Alex, there's something to what you say. A proper economic theory of identity would consider group allegiance a matter of choice, and then attempt to theorize that allegiance. Rationally people might choose, say, whatever identity was higher status.

But I don't think the challenges that I've described here are unique to lower-ranked academic institutions.

I thought this was good on how incentives often backfire and autonomy, mastery, and purpose are the real motivators, https://youtu.be/u6XAPnuFjJc .
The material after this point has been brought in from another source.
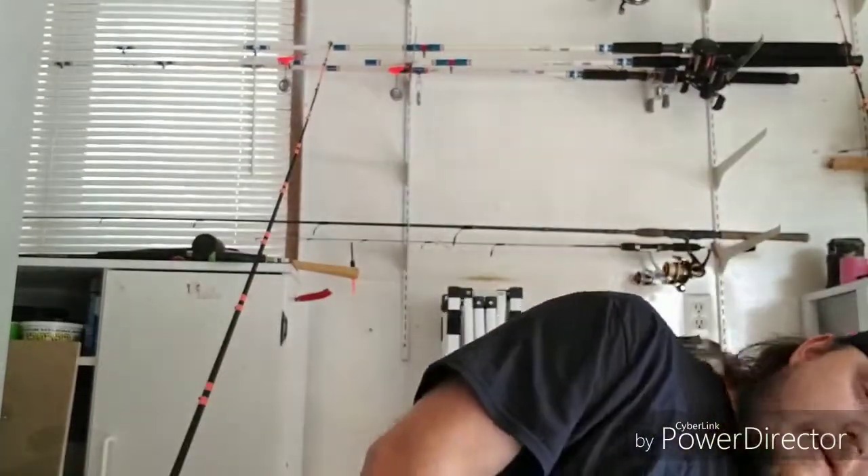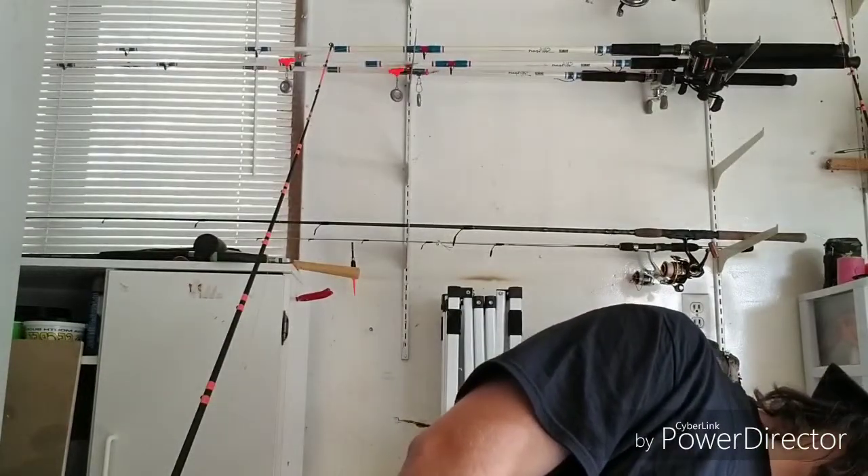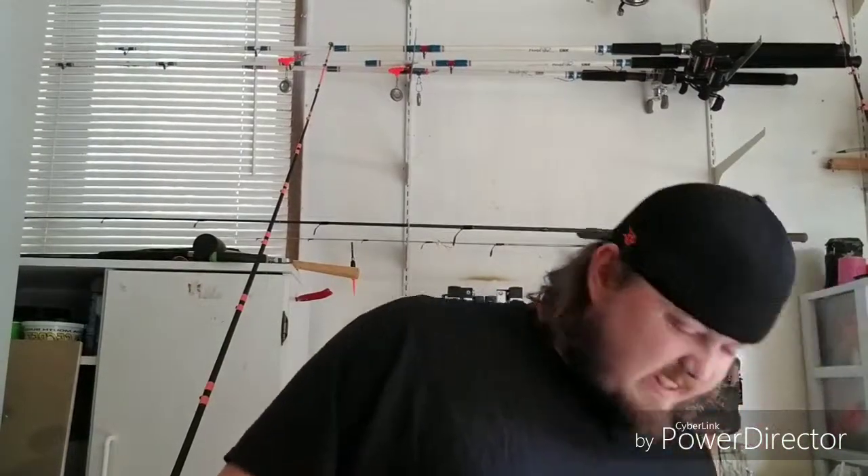A lot of people put the rattles above their barrel swivel, but I like to put mine on my leader. Yes, there's a really good chance of losing beads and rattles when you do this, but the way I do it, I think I prevent a lot of that from happening.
What you say rings true to me. Especially non-academic staff identifying with the University. But I think academics identify with their department, like soldiers who are willing to fight for their small group.

But I wonder if this might be (partly?) conflated with a male/female difference?? (Speculative)

This is pretty consistent with my experience. Whether I identify with my department, university, or discipline (and whether I feel proud of this identity) also seems to depend on who I'm talking to.

Nick, I like that image of academics as soldiers, fighting for their unit. But at the same time, we're not exactly prepared to die for each other, are we? (present company excepted) Given how reluctant some of our fellow-soldiers are to take take on departmental level administrative tasks...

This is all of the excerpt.